Ho la fortuna di conoscere questo gruppo di ragazzi da molto tempo, una
compagine formiginese molto attiva e molto creativa, accomunata dal cameratismo
scoutesco che tanto bene ha fatto a questo paesotto tanto piccino quanto
frizzante. Definire Scout questi ragazzi è riduttivo, un modo semplicistico che
potrebbe nerdificarli senza colpe apparenti, anche perchè tutto sono
tranne che topi da biblioteca incapaci di rapporti sociali.

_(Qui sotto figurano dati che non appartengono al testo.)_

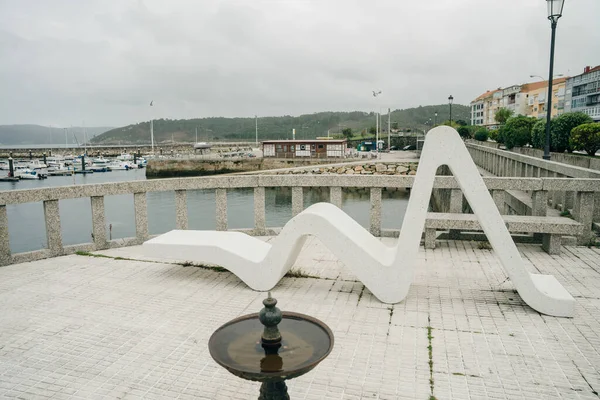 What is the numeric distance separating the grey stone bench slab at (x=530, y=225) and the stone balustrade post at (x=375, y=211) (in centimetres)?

Negli anni hanno creato un movimento di orzo e luppolo tale da richiamare
l’attenzione di migliaia di persone, attirandole con l’aroma di salsiccia alla
griglia e costina in umido, della piadina croccante e dell’hamburger sesamato.
Il mio impegno nel tempo è stato, a dirla tutta, discontinuo. Tutto dipendeva
dalla mole di lavoro da smaltire durante il periodo della festa in sé, oltre
che dalla volontà degli organizzatori di affidarmi o meno il progetto:
incredibilmente sono sempre tornati da me.